S.O.S.—SAVE OUR SOFTBALL
Given that we based our whole Olympic preview issue on the premise that The Games are all about the women, we decided to stop by a press conference with people determined to preserve softball as an Olympic sport. In 2005, the IOC unceremoniously dumped softball for the 2012 Summer Games in London. This despite the fact that the sport has grown from 86 countries to 130 since its inclusion in the 1996 Games, despite its popularity in the
big TV markets of the U.S. and China, despite the fact that (shameless plug alert) ESPN shows it all spring, and despite the fact that Cat Osterman has a really cool Under Armour commercial, not to mention a wicked peel-off dropball.

But the IOC was mad at baseball for its doping problems, among other things, and didn't like the fact that the U.S. softball team never loses, and so decided to dump both baseball and softball together. Led by Olympic legend and Women's Sports Foundation founder Donna de Varona, the women are fighting back, and will be working the back rooms of the IOC to make sure softball is back in the rotation in 2016. She's using the IOC's stated goals to make her case. "The IOC says that it wants clean sports and women's sports," de Varona said. She didn't need to add that softball fits both bills.

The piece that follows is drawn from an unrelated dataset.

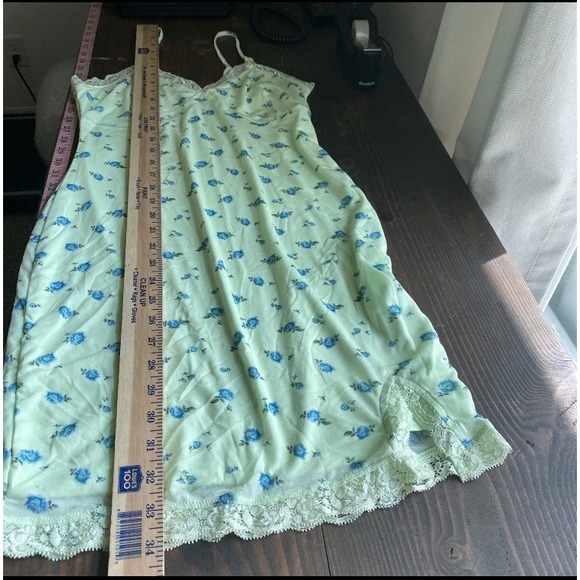 Wild Fable Slip Dress XS Light Green Blue Floral Y2K Fairy Strappy Lace Mini - Picture 9 of 9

Rubilena Rojas, a player on the Venezuela squad, admitted the Yanks dominate, and right on cue Team USA had two more routs yesterday. So what? The sport is making big gains in Latin America. "They've begun to implement softball into the high schools, like in the States," Rojas said. "That's giving more chances to girls like me, who have baseball backgrounds." Those chances pay off, Rojas said. She and all her Venezuelan teammates all earned scholarships to U.S. universities to play the sport. "That's 15 people the sport has helped to get an education and become stronger women."